Machine learning recognises normal and abnormal, through evolving models, and takes actions based on either human direction or automated policies.

The system uses a complete entity data model and a unified data architecture. Threat intelligence data feeds add to the context, with the ability to subscribe to additional feed and threat intelligence sources.

The system accepts plain language analysis queries, such as “How many failed log-ins did we see for the user MBaker?”, or “Show me high severity threats for my billing app?”

By comparison, log analysis systems tend not to have entity-based models, machine learning toolkits or, critically, remediation capabilities, said Ellison.

Entity-based model
The Oracle management and security cloud employs an entity-based model, with topology and associations, providing end to end analysis. It uses ‘out of the box’ applied machine learning for immediate insights, and all with integrated remediation.

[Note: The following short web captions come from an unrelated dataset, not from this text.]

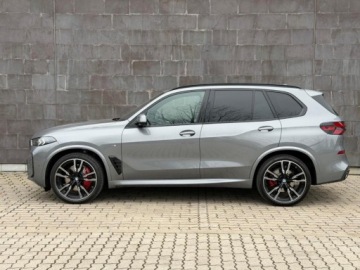 BMW X5 G05 SUV Facelifting 3.0 30d 298KM 2026 BMW X5 xDrive30d Sport Suv 3.0 (298KM) 2026, zdjęcie 1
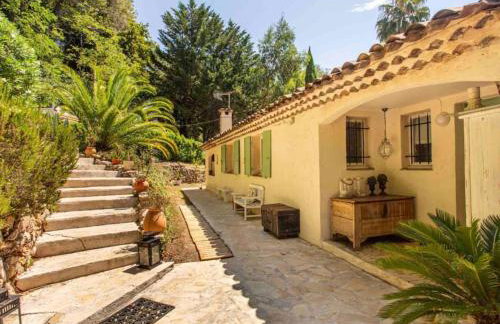 Villa Jean-Pierre. Infinity pool and view in Tourrettes-sur-Loup - Foto 59
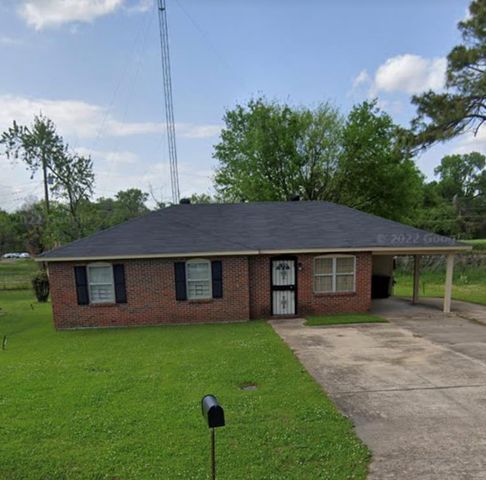652 W  Chatham Dr, Greenville, MS 38701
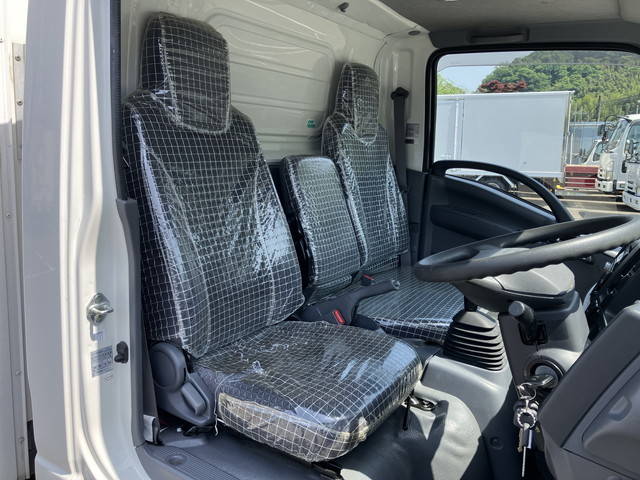 いすゞエルフ冷凍車（冷蔵車）小型（2t・3t）[写真29]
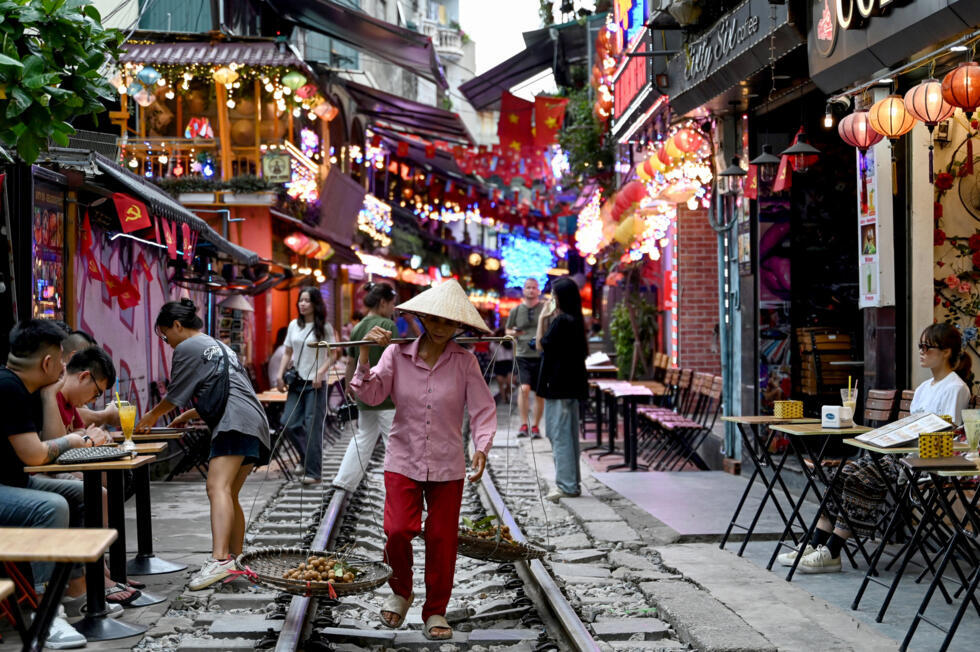 L'instant + : la rue du train à Hanoï, un lieu unique sauvé par le tourisme L'instant + : la rue du train à Hanoï, un lieu unique sauvé par le tourisme
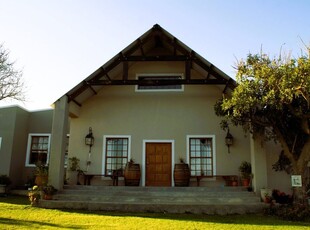 3 Bedroom farmhouse in Oudtshoorn Rural For Sale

User and entity behaviour diagnostic analytics (UEBA) can monitor, aggregate and analyse logs, with free-form text search with complex aggregations. Topology-aware exploration of logs uses knowledge of entities, systems, applications  and associations. Purpose built ML for diagnostics “connects the dots”, with clustering of normal data patterns, and log compression of 99% plus. The clustering can accelerate anomaly detection, and correlate end to end events to find outliers. ML can diagnose anomalous business transactions, such as those taking too long or with abnormal elements.

When it is time to take action “instantaneous automated decision making” can remediate, orchestrate or configure accordingly. Automated remediation is based on ML-enabled decision making, covering areas such as identity, where password resets can be prompted, multi-factor authentication enabled, or accounts disabled. Where assets are affected configuration, data collection and patching can be invoked to remediate. Incidents can be created, updated or evidence attached to increase context. There is cloud-scale job scheduling and execution available, with cross-estate configuration drift analysis.

Attack stages
Following the normal elements of a cyberattack, where there are reconnaissance, infiltration, lateral movements and finally exfiltration stages, the system can recognise the actions associated with the various stages and take steps as appropriate or directed.

Ellison said that the nature of today’s threats means that there cannot be a situation where information security professionals are expected to defend against sophisticated hackers, often using automated techniques.

“It’s got to be our computers against their computers,” said Ellison, “and make no mistake – this is a war.”